To examine this target specificity in more detail, we analyzed the maturation of glutamine phosphoribosylpyrophosphate amidotransferase (GPAT) which catalyzes the first step of purine nucleotide synthesis and is translated as an inactive proenzyme. Its activation requires both the incorporation of a [4Fe-4S] cluster and the subsequent removal of an N-terminal undecamer propeptide. Since cluster insertion critically determines protein stability (Martelli et al., 2007; Stehling et al., 2008), the steady-state levels of GPAT measured by immunostaining provide a direct measure of Fe/S cluster assembly. The consequences of CIA2A, CIA2B, and CIA1 depletion on GPAT protein and mRNA levels were similar to those observed for DPYD maturation (Figs. 3D and S5E–F). In conclusion, GPAT maturation requires CIA1 and CIA2B, but not CIA2A, and thus exhibits a similar CIA factor dependency as DPYD.

Depletion of CIA2B but not of CIA2A affects maturation of POLD1

While IRP1, GPAT, and DPYD reside in the cytosol, other Fe/S proteins are present in the nucleus and function in the maintenance of genome integrity. A representative example is POLD1, the catalytic subunit of DNA polymerase δ, and a homologue of yeast Pol3 which was recently shown to carry a [4Fe-4S] cluster (Netz et al., 2012b). Similar to IRP1, GPAT, and DPYD, the steady-state protein level of POLD1 is dependent on efficient Fe/S cluster assembly (Stehling et. al., 2012), and thus provides a suitable measure for the maturation status of the protein. Upon RNAi-mediated depletion of CIA1 the POLD1 protein levels were strongly (>50%) diminished, while knock-downs of CIA2B or CIA2A only slightly decreased or increased POLD1 levels, respectively (Figs. 3E and S5G).

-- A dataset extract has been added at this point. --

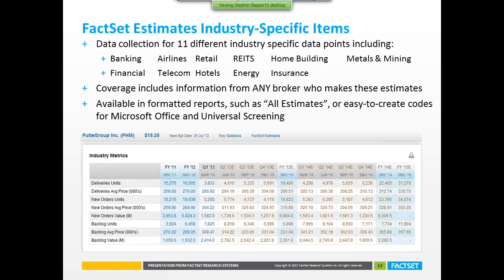On the estimates side, industry-specific items include banking, financial, airlines, telecom, retail, hotels, REITs, and energy — a robust list you really can't find anywhere else. Clients using it for everyday analytical work or historical backtesting have gotten a lot of use out of it. The screenshot of our application shows, for Pulte Group — a home builder — all the unique data points that brokers are making estimates on, both quarterly and on a fiscal year basis, multiple years out.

In neither case did POLD1 mRNA levels decline (Fig. S5H). Thus, maturation of POLD1 appears to be most dependent on CIA1, and is only mildly affected by depletion of CIA2B. Together, these results indicate that the CIA proteins CIA1, CIA2A and CIA2B exhibit differential target specificity in the assembly of cytosolic-nuclear Fe/S proteins and thus can be viewed as dedicated CIA maturation factors.

CIA2A and CIA2B-MMS19 differentially affect IRE binding and stability of IRP2

IRP1 is a key protein of mammalian iron homeostasis. Maturation of its Fe/S cluster depends on NBP35, IOP1, and, as shown above, CIA2A but not on CIA2B and CIA1. Thus, we expected that only a deficiency of the former, but not of the latter two CIA factors or of the recently identified CIA component MMS19 (Gari et al., 2012; Stehling et al., 2012) may impact on cellular iron regulation, even though we note that the IRE binding activity of IRP1 hardly changed upon depletion of these CIA proteins (Fig. 2C). To resolve this issue, we depleted CIA1, CIA2A, CIA2B, and MMS19 and measured two indicators of iron homeostasis, i.e. the level of the cytosolic iron storage protein ferritin and the binding of transferrin to its receptor (TfR). While CIA1 depletion did not yield any significant alterations, CIA2B or MMS19 deficiency caused an up to twofold diminution of ferritin protein, even though their mRNA levels remained unchanged (Figs. 4A and S6A–B). In contrast, both TfR-dependent binding of fluorescence labeled holo-transferrin and TfR1 mRNA levels increased 1.3- to 2-fold (Figs. 4B and S6C–D). CIA2A-depleted cells showed similar ferritin and TfR alterations as CIA2B- and MMS19-deficient cells. As a control and in contrast to the changes in TfR1 mRNA levels, mRNA levels of the house-keeping gene glyceraldehyde 3-phosphate dehydrogenase (GAPDH) remained constant (Fig. S6E). Obviously, the depletion of the CIA proteins elicited effects on ferritin and TfR levels that cannot be explained by the function of IRP1.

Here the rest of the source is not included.